Quiero vagar cada noche por una calle
Un perro como tú, Poncho K
Y descansar cuando me dé la gana
Romper el hielo y dormir bajo un puente
Coger el sueño escuchando a la gente
¿Hay una parte animal dentro de nosotras que puede despertarse, incandescente, cuanto más opresiva es la atmósfera civilizatoria que nos rodea, como un celofán que revienta? ¿La claustrofobia del hogar, el dique seco creativo, los pañales sucios y la monotonía aséptica del vecindario pueden provocar que te crezca pelo en la nuca, que la sangre fresca huela delicioso o que un aullido asome de tus entrañas? Eso mismo parece empezar a notar la protagonista de Canina (Blackie Books), una novela licántropa, inquietante y subversiva en la que Rachel Yoder relata la maternidad desde un ángulo salvaje y poco explorado: la conexión con lo más primitivo, pero también la desconexión de una misma, el apetito de cambio o la importancia de tirar de la madeja y escuchar al instinto. Enciende las brasas y saca sal gorda, que Canina te va a dar mucha hambre…

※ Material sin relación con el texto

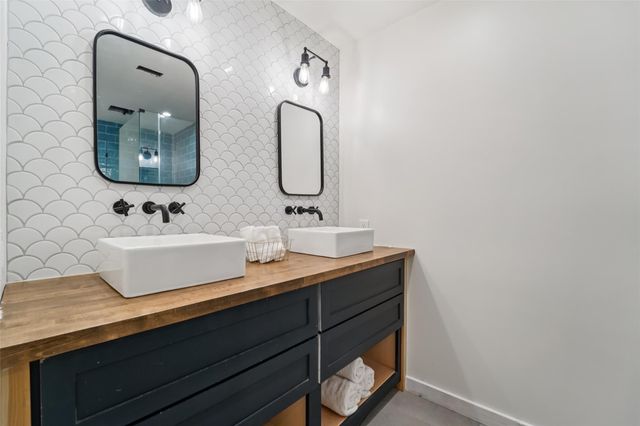 6 Rockingham Place, Conroe, TX 77304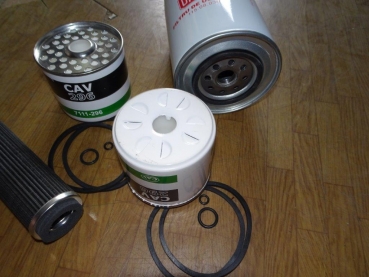 Filter Set UTB + Fiat 1 x Ölfilter lang 2 x Dieselfilter 1x Hydraulikfilter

Como Carmen Maura en la peli de Almodóvar, nuestra protagonista está al borde de un ataque de nervios. Ha renunciado a su trabajo en una galería de arte para criar a su hijo pequeño, las tareas de casa se le amontonan, su intermitente marido está casi siempre fuera por trabajo y para colmo, ha comenzado a percibir una extraña transformación en su espíritu y en sus vísceras: Perra de noche asoma en su interior, un bulto aparece en su espalda y más pelo de lo común emerge de su piel. También está esa hambre incontenible que le hace salivar con tan solo pensar en una chuleta cruda, o ese revoltijo interior que le provocan ardillas y conejos. Confundida, no sabe si es la maternidad, la falta de tiempo para sí misma o el abandono de su vocación los motivos que le han hecho perder totalmente la cabeza, o, por el contrario, está experimentando una auténtica metamorfosis. Para colmo, encuentra un viejo manual sobre mujeres mágicas y escrita por una tal Wanda White, etnógrafa a quien se apresura a mandar un correo con sus inquietudes. Todo el mundo necesita un objeto que le resuene, algo que le gire los párpados. Clic.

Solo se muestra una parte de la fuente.